» **WHAT THE TASK REQUIRES**
Without adding anything, give again the lines from the one holding "limited knowledge in electronics" through the final line of the records, exactly, with both ends included and pictures dropped.

» **THE DATA**
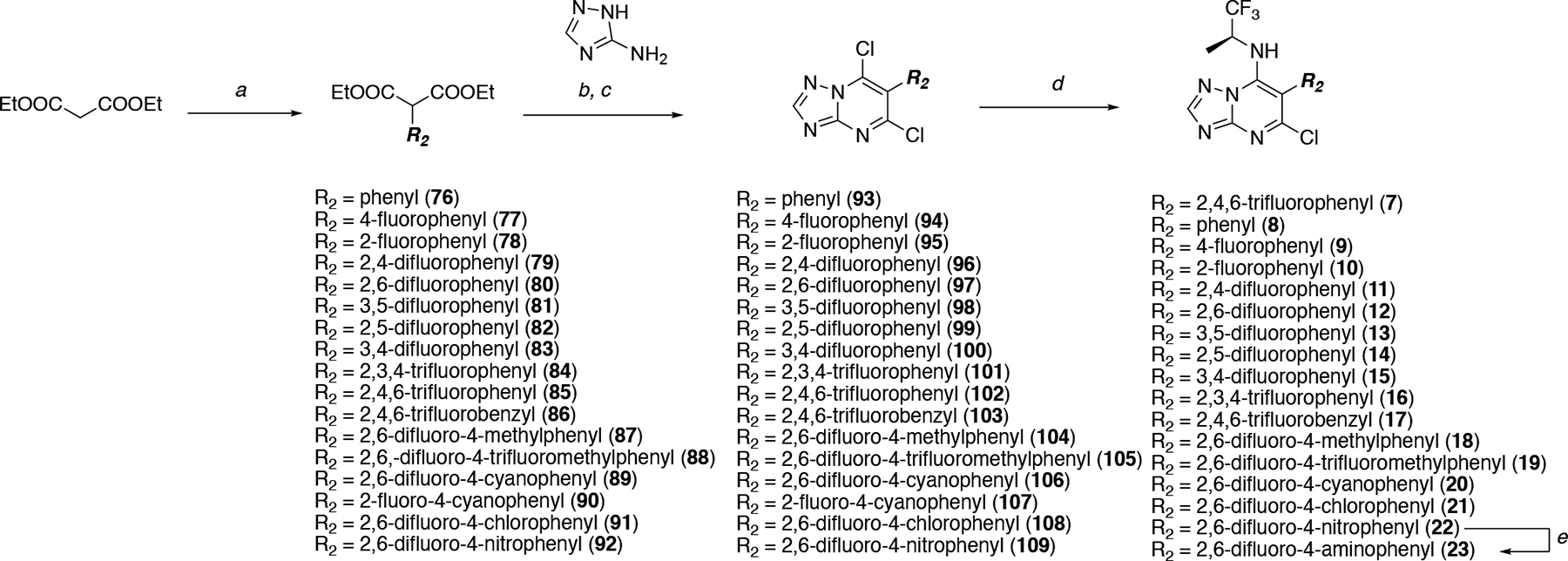 Scheme 1.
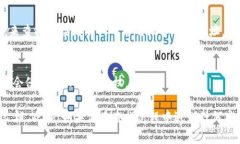 查找TP钱包登录的IP地址可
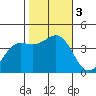 Point Arguello tide chart for Friday, November 3, 2023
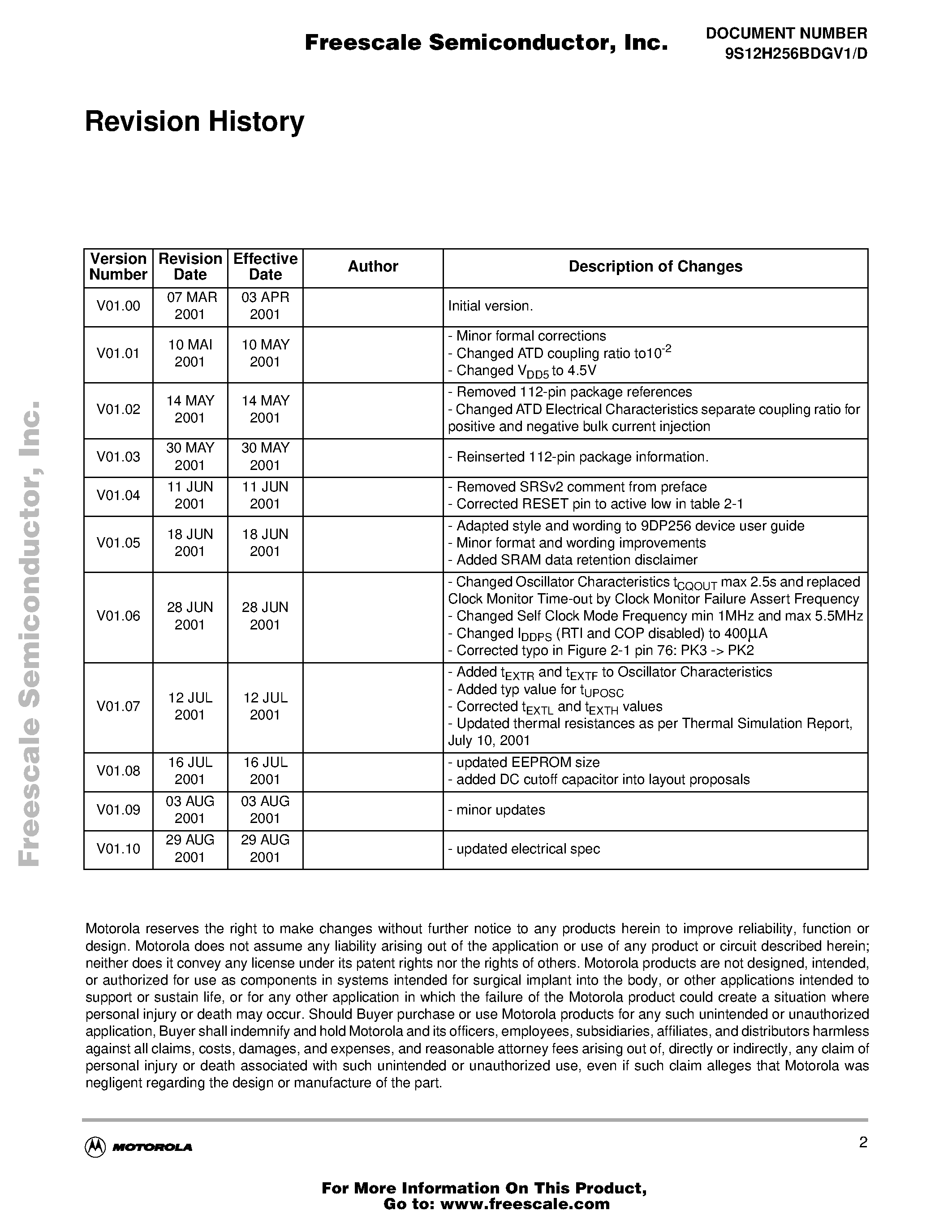 Datasheet MC9S12H128 - Device User Guide page 2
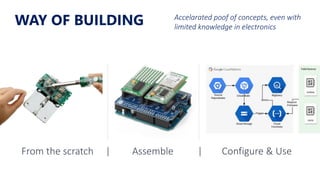 WAY OF BUILDING
From the scratch | Assemble | Configure & Use
Accelarated poof of concepts, even with
limited knowledge in electronics
 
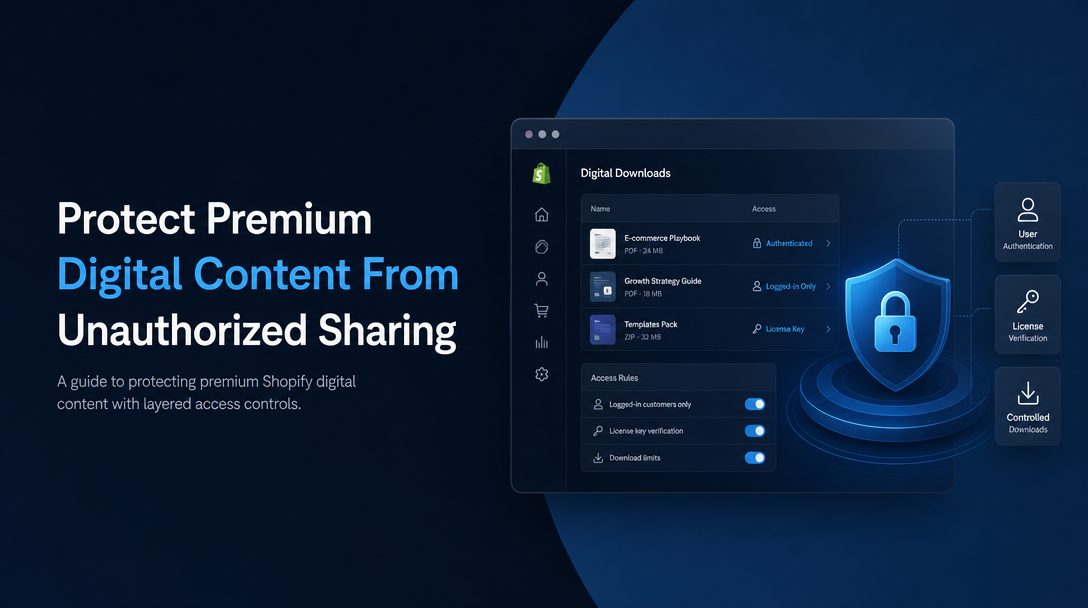 How to Protect Premium Digital Content From Unauthorized Sharing image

» **COMPLETED TASK**
limited knowledge in electronics
 
 How to Protect Premium Digital Content From Unauthorized Sharing image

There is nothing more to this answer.